In July and August of 2012, I wrote about pension reform and then in April and May of 2013, I wrote again about California Public Employee’s Retirement System contributions. I am as concerned now as I was then about the escalation of impending financial woes we will be faced with in the near future — unfunded pension liabilities and the lack of any meaningful remedies.
CalPERS has indicated that it is planning to increase rates even further. There is even talk that Vallejo, which has recently gone through municipal bankruptcy (Chapter 9), is on the verge of revisiting the process again as a result of not addressing its unfunded pension liabilities.
In 2012, San Jose votes overwhelmingly passed a ballot measure (Measure B) to reduce pension costs only to be judicially overturned citing what has become the California Rule created in 1955. The California Rule does not allow the rolling back of any pension benefits for current employees. The California Rule prohibits current municipal employees from being forced to contribute significantly more toward their pensions. There was also a judicial ruling that protects the contract rights of employees.
Although pensions are “protected” by the California Rule, salaries are not. Salary increase for cost of living adjustments can be revoked but pension cost of living salary increases once established cannot be reduced. However, salaries can be cut to offset the increased pension costs. This type of salary cutting would certainly be some small glimmer of hope to the financial woes of the municipalities and ultimately the taxpayers, but would certainly serve to polarize public employees and their unions against the municipalities.
It is no secret that most of the current public pension systems throughout the country are unsustainable and there has been much said and written about “pension reform.” But many of our state-elected representatives are hard-pressed to do anything regarding pension reform because of the friction it would cause between the legislative candidate and the money unions donate to political campaigns.
We are reaching a time when we are seeing more and more career municipal employees retiring (Baby Boomers). It would seem logical that these retirees’ jobs would need to be filled just to maintain the same level of service to its citizens. But, municipalities are being faced with paying for two people (one employee from salary and future pension and one retiree from pension) to do the same job. As a result of the mass loss of career employees, the institutional knowledge and experience they have gained over their careers is also gone. We are seeing the level of effective productivity decrease due to the lack of institutional experience, such that it could take one and a half people to replace one retiring employee. We are seeing more and more government laws, regulations and mandates that mean those working in the public sector need to have very specialized skill requirements. More and more municipalities are being forced into hiring back on contract basis, those employees who have retired because of those complexities of government operation and the lack of available experience in the talent pool.

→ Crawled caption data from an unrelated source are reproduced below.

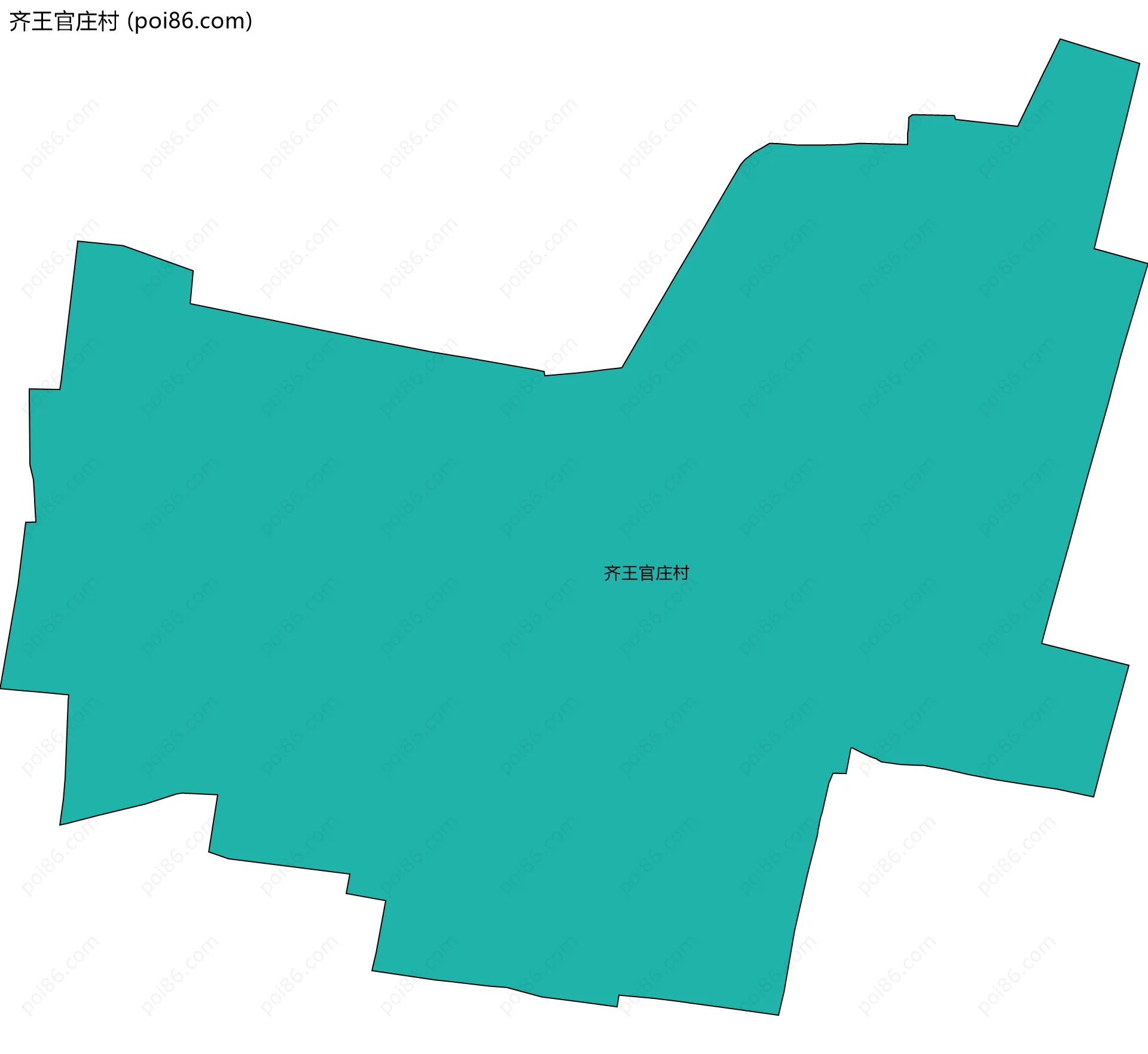 齐王官庄村边界地图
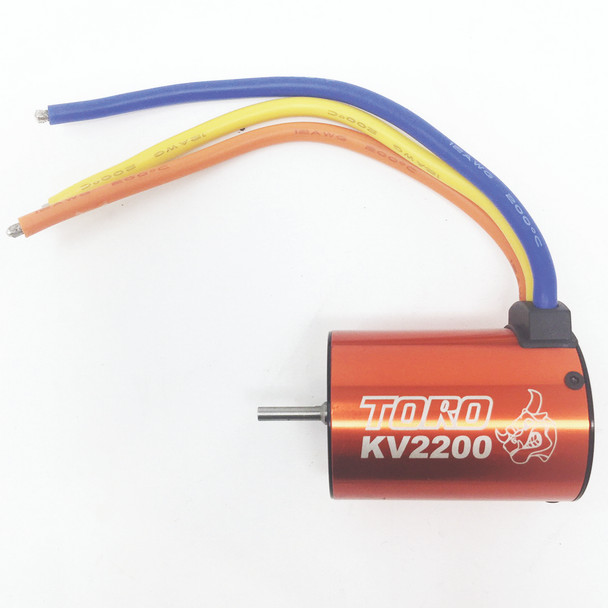 SKY RC SK-400005-09 TORO 4 Poles 2200KV Brushless Sensorless Motor For 1/10 RC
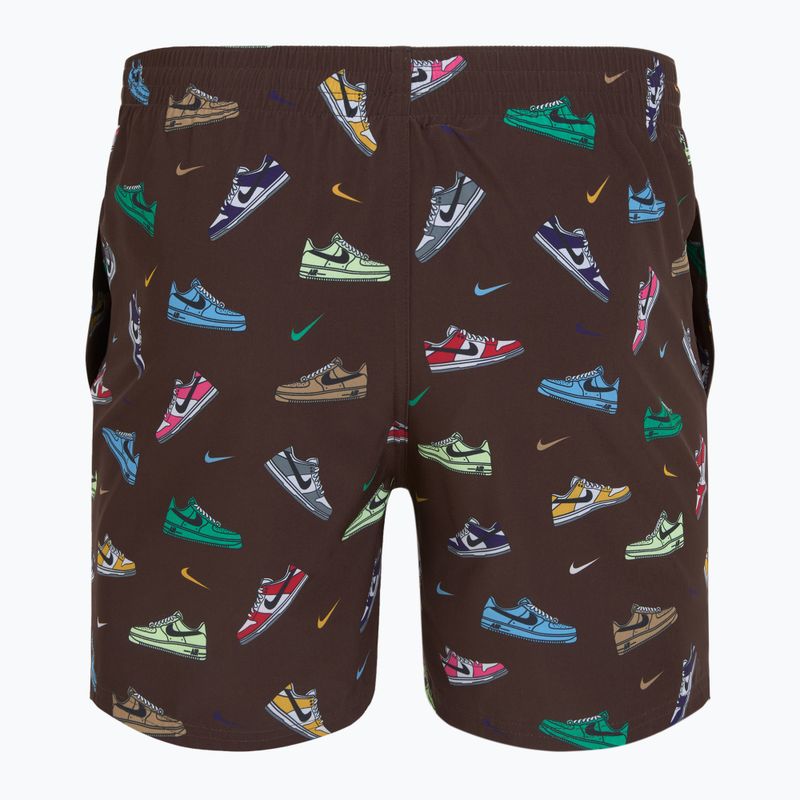 Vyriški maudymosi šortai Nike Multi Print 5" Volley baroque brown 2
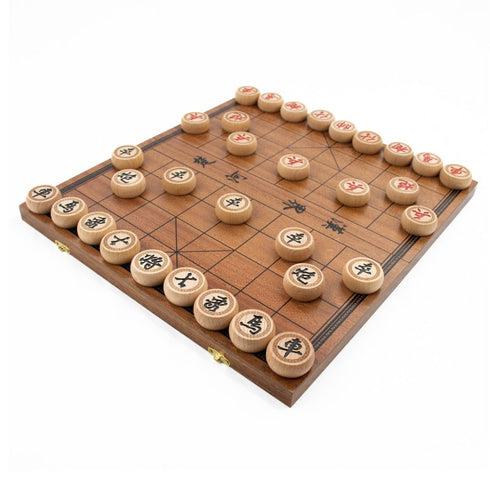 LPG Wooden Chinese Chess Set - 35 cm Foldable Board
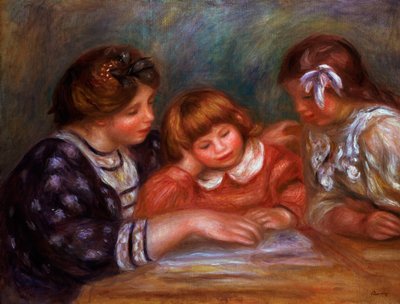 The Lesson by Pierre Auguste Renoir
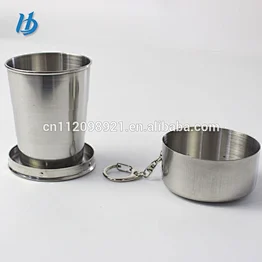 2018 hot Selling Stainless steel Portable Foldable Drink mug/Convenient Telescopic drink cup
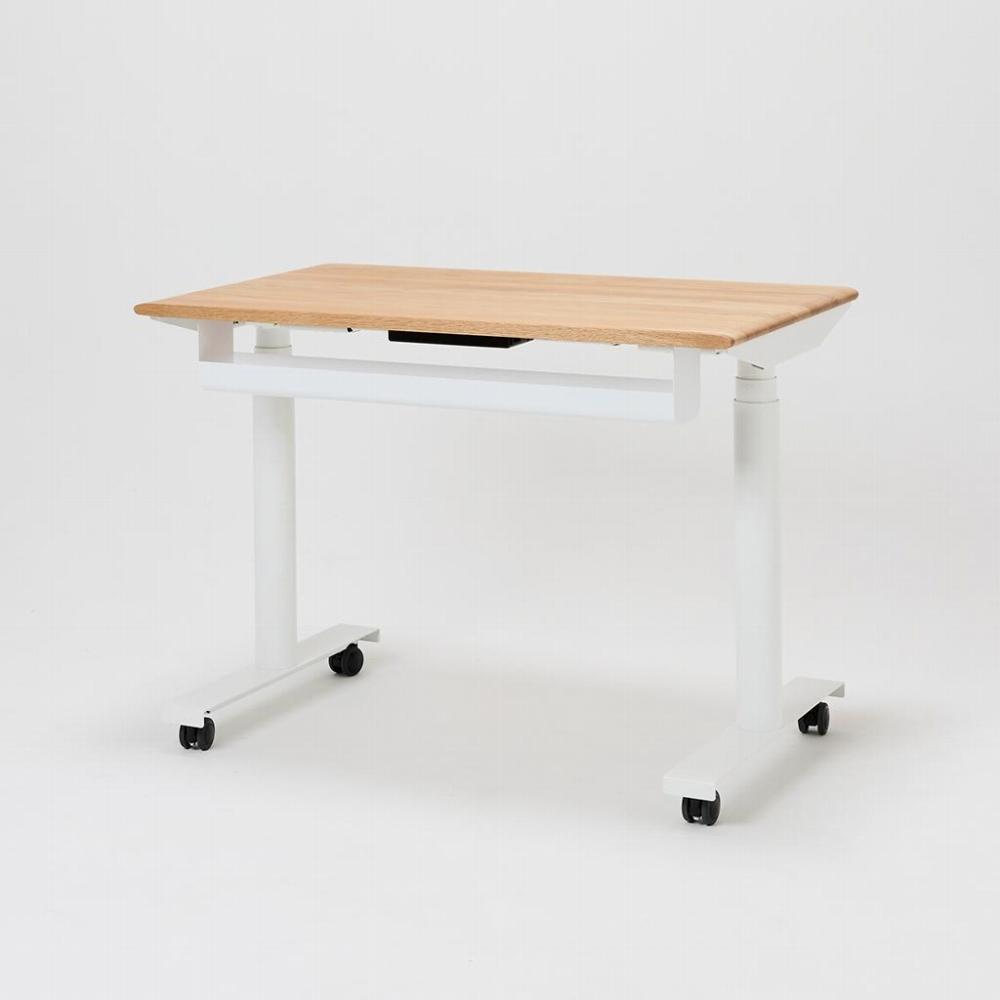 【シェルフLセット】サイズオーダー可 電動昇降 学習机 プレディデスク オーク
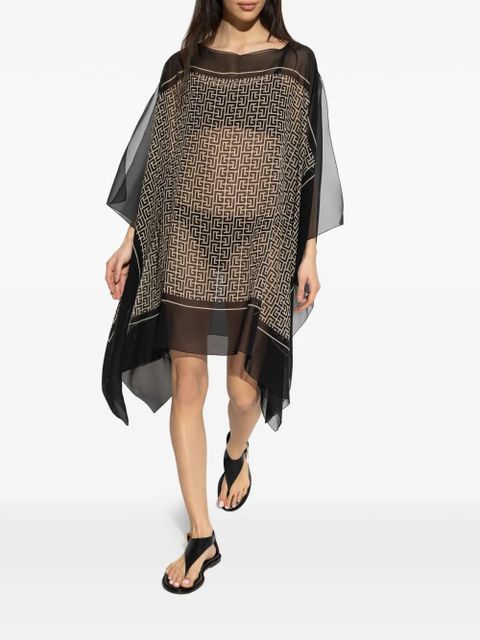 Balmain geometric-print beach dress - Black - zdjęcie produktu nr 2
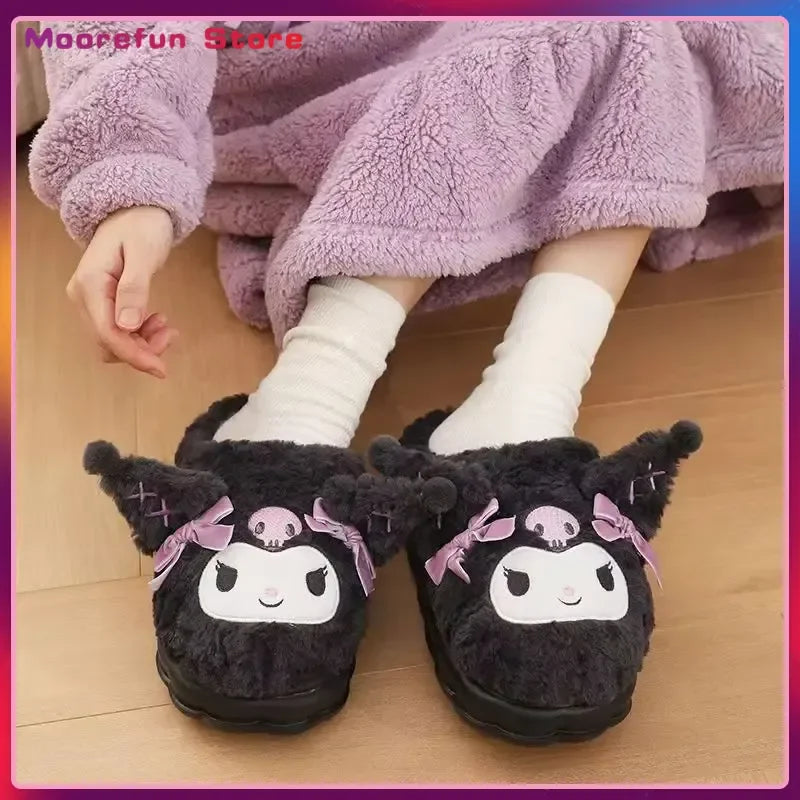 Cotton Slippers | Kuromi Character | Non Slip Sole | Unisex Indoor House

The California Rule could be abolished by a State Constitutional Amendment which would require a ballot initiative. But such an initiative could be judicially shot down because of a law being established impairing contract obligations. Such an initiative could fix future employee salaries and pensions but we would not see any relief for 10 to 15 years. Because of past fiscal management beliefs that the economic boom would continue “forever,” the dot-com bust of 2000 and the greatest recession since the Great Depression that started in 2008 brought us back to reality.
So what do we do in the meantime? I full expect that our state Legislature will continue to “kick the can” down the road as they have done so well in the past. Yet, I am concerned less about our current plight and more about our children and grandchildren and with the future financial obligations we will be leaving to them. The impending financial dilemma has got to be addressed with near-term solutions rather than continuing to let it grow to a point where it is unrepairable — which it may have already reached that point.
I remain puzzled that salaries and pensions in the private sector can go up and down with economic good times and recessions while salaries in the public sector might begrudgingly stay the same or go up — but rarely go down. There are laws to protect public pensions, so where are the laws that protect private pensions?